Here's my carry rig:


----------



## ForHisGlory (Jan 2, 2012)

I suppose they make that in the 45cal. also ? Looks good. If so, would have any idea how much$


----------



## XDM6951 (Nov 26, 2011)

I have a XDM 3.8 in a galco classic lite holster


----------



## multistage (Feb 24, 2011)

I have an MTAC for mine. Not a big fan of kydex, but it is a very good holster.


----------



## Sabe357 (Mar 23, 2012)

Not sure if you've heard of the Versacarry Generation II but if you want deep concealment with no bulky holsters, really look at giving this a try! I was skeptical at first but the low price of just $19.99 sold me on giving it a try and let me tell you, it's the most discreet holster I own and very comfortable; great for even big guns where you really don't need added bulk. It's pretty unique, won't damage your gun and the neat thing is that even if you add lights or lasers or even get another 40 caliber, the same holster will work for all of those options. I love it and that price is sweet man; check it out at Versacarry :: The Original ZeroBulk Holster


----------



## Steve M1911A1 (Feb 6, 2008)

Sabe357 said:


> Not sure if you've heard of the Versacarry Generation II but if you want deep concealment with no bulky holsters, really look at giving this a try! I was skeptical at first but the low price of just $19.99 sold me on giving it a try and let me tell you, it's the most discreet holster I own and very comfortable; great for even big guns where you really don't need added bulk. It's pretty unique, won't damage your gun and the neat thing is that even if you add lights or lasers or even get another 40 caliber, the same holster will work for all of those options. I love it and that price is sweet man; check it out at Versacarry :: The Original ZeroBulk Holster


I bought a Versacarry to try out and review. It has just arrived.
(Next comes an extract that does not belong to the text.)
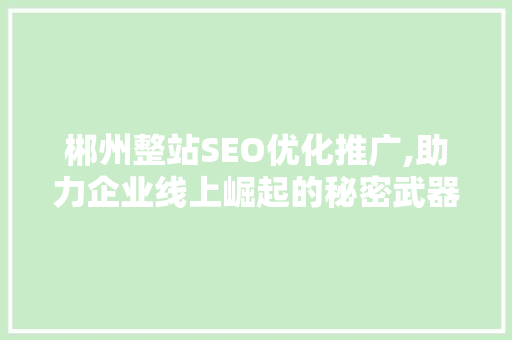 郴州整站SEO优化推广,助力企业线上崛起的秘密武器
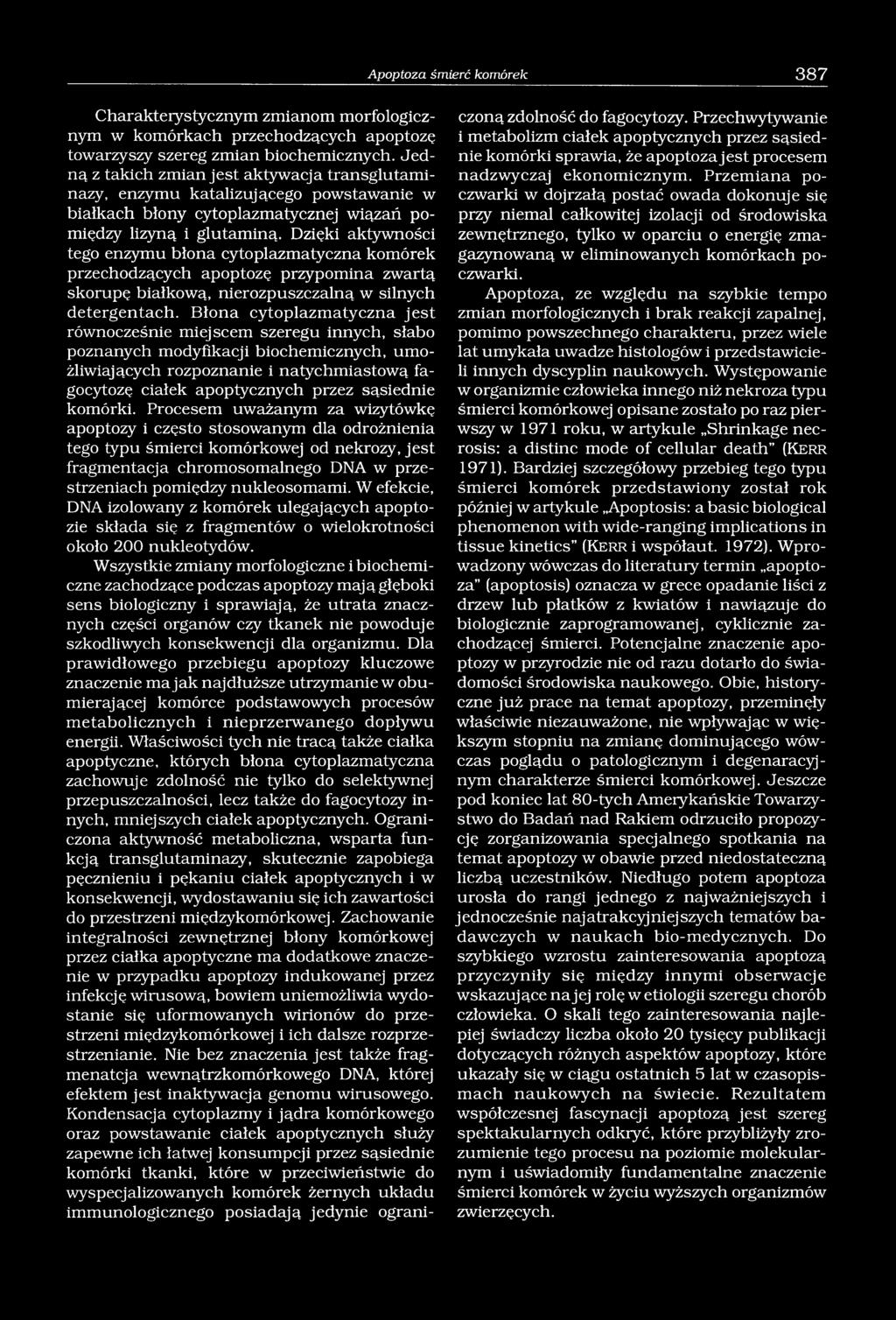 Dzięki aktywności tego enzymu błona cytoplazmatyczna komórek przechodzących apoptozę przypomina zwartą skorupę białkową, nierozpuszczalną w silnych detergentach.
I haven't used it yet, so I can't yet review it. Give me a week or so.
But there is one important observation I can make, just from looking at the package and instructions:
_It is not possible to reholster normally, into a Versacarry._

According to the maker's instructions, the act of reholstering requires the user to _remove the device from his pants_, reinsert the pistol, and then replace the combination into the pants. This is a very complex three-act play!

During the coming week or so, I'll wring it out. Then I'll report back.

(BTW: If a Versacarry user posts a review, as *Sabe357* has done here, the Versacarry people will give the poster another free Versacarry! Beware of all-too-complimentary reviews!)


----------